At an academic conference in 1998, I dined with several delightful social scientists who boasted that in a group called Common Ground, they had bravely conversed with some exotic and possibly dangerous people: Republican voting conservatives. Among other things, the professors took pride in convincing conservatives to support gay and lesbian domestic partnership legislation, more than a decade before same sex marriage became widespread.

"That's great," I affirmed. "I've supported gay and lesbian marriage since the 1970s. So what have they convinced you of?"

Awkward silence followed. Clearly, I hadn't gotten the memo. Any good social scientist should know that groups like Common Ground exist not to exchange views in search of common ground but to get conservatives to back liberal causes. Just between us professors, we know the score: Conservatives are not necessarily evil, but they are ignorant provincials, as Barack Obama later said, who “cling to guns or religion or antipathy to people who aren't like them or anti-immigrant sentiment or anti-trade sentiment as a way to explain their frustrations.”1 With proper education from their betters (us), conservatives might be improved.
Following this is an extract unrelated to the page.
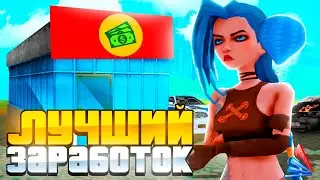 КАК ЗАРАБОТАТЬ 13.000.000$ В ЧАС ! СПОСОБЫ ЗАРАБОТКА НА АРИЗОНА РП GTA SAMP !!!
A few years later, I saw the president of the American Political Science Association come under fire at a regional conference for holding APSA’s national conferences in Georgia and Louisiana, which did not yet recognize same sex marriage. She nervously explained that the host cities (Atlanta and New Orleans) were more progressive than their states, and that pulling out of long term conference commitments entails great cost and risk. Any professor present could see the career risks entailed by taking socially conservative stands. In recent years, the APSA and the farther left American Educational Research Association annual conferences have only occurred in reliably progressive parts of the U.S. or in Canada, thus avoiding contamination.

I recalled this recent history while reading Williams College political scientist Darel Paul’s remarkable, brave new book, From Tolerance to Equality: How Elites Brought America to Same Sex Marriage. The New York Times and National Public Radio will ignore Paul’s work, which is unfortunate since he explains the rapid spread of legal same sex marriage, and the thoroughly deplorable intolerance for dissenters and conscientious objectors that came with it. For my peer group—professors—this has become one issue on which only one view is tolerated.

Borrowing from Pierre Bourdieu, who defines class struggle as largely a “classification struggle” (139), Paul uses historical and statistical analyses to show that the spread of same sex marriage and the far more rapid rise of transgenderism have less to do with increased contact with sexual non-conformers than with elite markers of social distinction among 20-25 percent of the population. Segments of the college educated managerial class gain power neither through persuasion nor production, but rather by such markers.

As recently as 1996 when Bill Clinton signed the Defense of Marriage Act and Gallup first asked about it, the public opposed same sex marriage 68-27 percent (4). Much of the way through his first term, President Obama professed reluctance. Yet, by the end of his first term, such doubts became unthinkable among Democratic activists and corporate elites, and something Republicans generally avoided discussing. JavaScript inventor and Mozilla CEO designate Brendan Eich was forced to resign in 2012 for contributing to a (winning) anti-same sex marriage proposition just four years before. That same year mayors in Chicago, Boston, and San Francisco, seemingly unaware of the U.S. Constitution’s First Amendment, declared their intentions to block Chick-fil-A restaurants after the firm’s CEO professed support for traditional marriage.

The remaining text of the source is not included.